Scores of hedge funds that had hundreds of millions in cash and other securities parked with Lehman's prime brokerage operation in London have had their accounts frozen. A number of these hedge funds have filed formal objections with the bankruptcy court, and at least one fund, New York's Bay Harbour Management, is mounting a legal challenge to the court's hastily approved sale of Lehman's brokerage arm to Barclays Capital.
Now an even more troubling scenario is arising: legal disputes stemming from the estimated $1 trillion in derivatives transactions that Lehman had entered into on behalf of itself and some of its customers. Already, at least three lawsuits have been filed, alleging that nearly $600 million in collateral posted by some of Lehman's trading partners in derivatives transactions hasn't been returned and is in jeopardy of disappearing as the bankruptcy process unfolds.
To date, the most publicly aggrieved of Lehman's trading partners is Bank of America (BAC), which at one time was considering buying Lehman as the investment firm was lurching toward bankruptcy. The Charlotte (N.C.) lender is seeking to recover nearly $500 million the bank posted as collateral to "support derivative transactions between BofA and the respective Lehman entities," according to a lawsuit filed in New York State Supreme Court.

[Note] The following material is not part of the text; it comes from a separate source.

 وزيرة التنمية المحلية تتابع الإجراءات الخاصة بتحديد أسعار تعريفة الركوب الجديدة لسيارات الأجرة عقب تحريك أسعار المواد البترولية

Dispute over Collateral Could Grow
The suit alleges that two Lehman employees told a Bank of America official that the assets were "frozen" because Lehman's holding company filed for bankruptcy on Sept. 15. But the entities with which Bank of America was trading were not part of the bankruptcy, the suit says. In fact, Lehman was selling its brokerage business to Barclays Capital at the same time. The Sept. 26 complaint describes numerous attempts by BofA to persuade Lehman officials to unfreeze the funds, but each time the bank was rebuffed. In one e-mail exchange, a Lehman employee says: "All activity has been suspended until further notice. Since everything is frozen, we cannot return the remaining collateral at this time."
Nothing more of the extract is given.